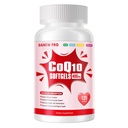 CoQ10-400mg-Softgels con PQQ, BioPerine & Omega-3, Coenzyme Q10(Ubiquinone) Supplemento per alto assorbimento, potente-antiossidante, cuore di sostegno & produzione di energia, 120 Serve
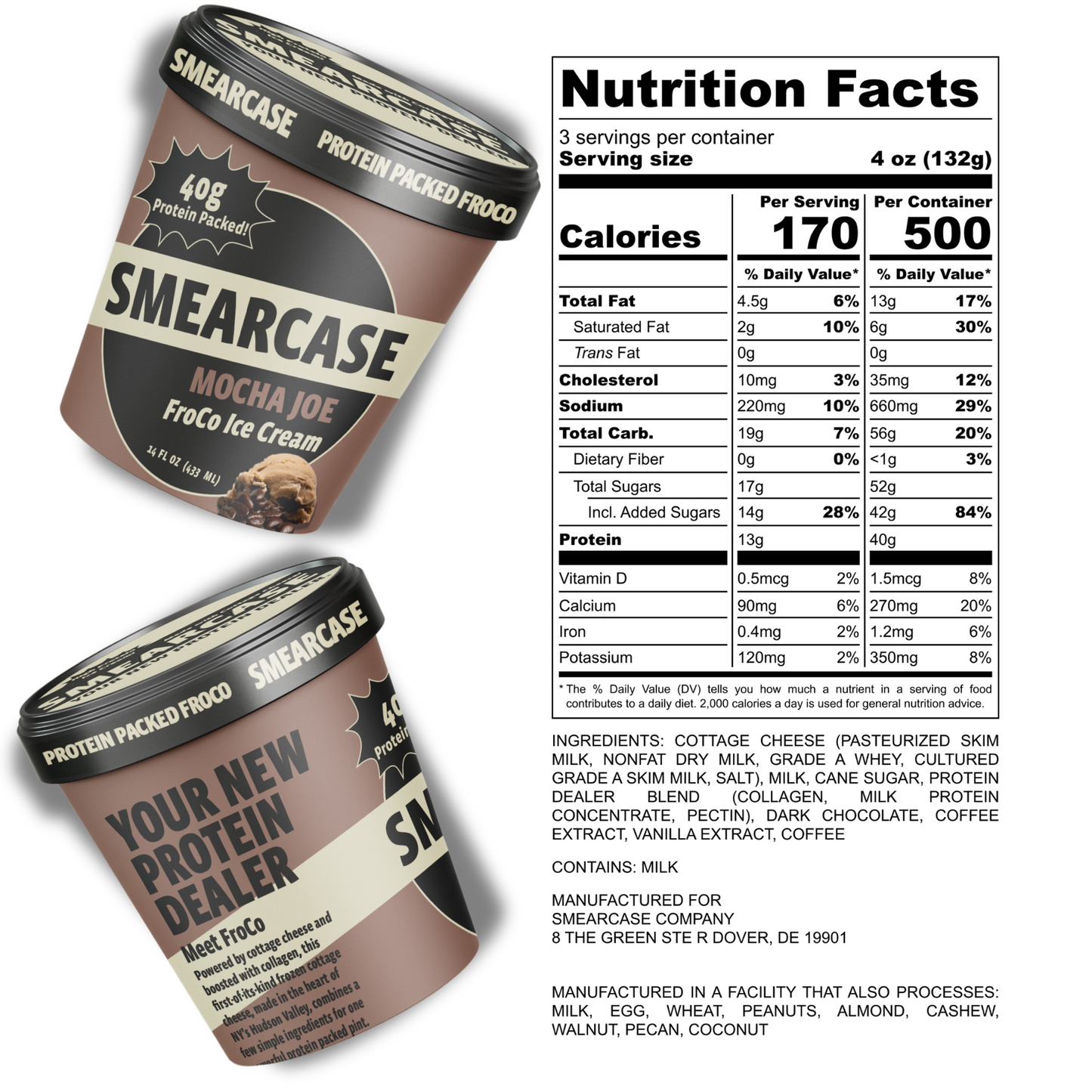 Protein-Packed Cottage Cheese Ice cream - Mocha Joe Coffee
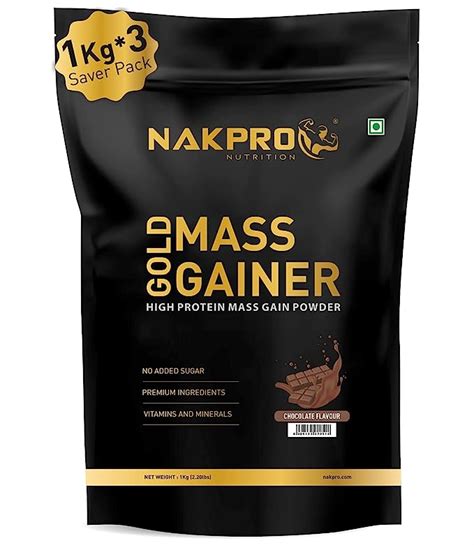 NAKPRO GOLD MASS GAINER High Protein High Calorie 21g Protein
====
EXERCISE AIM:
Give the material above again exactly as it stands, minus any images.

ANSWER BELOW:
 CoQ10-400mg-Softgels con PQQ, BioPerine & Omega-3, Coenzyme Q10(Ubiquinone) Supplemento per alto assorbimento, potente-antiossidante, cuore di sostegno & produzione di energia, 120 Serve
 Protein-Packed Cottage Cheese Ice cream - Mocha Joe Coffee
 NAKPRO GOLD MASS GAINER High Protein High Calorie 21g Protein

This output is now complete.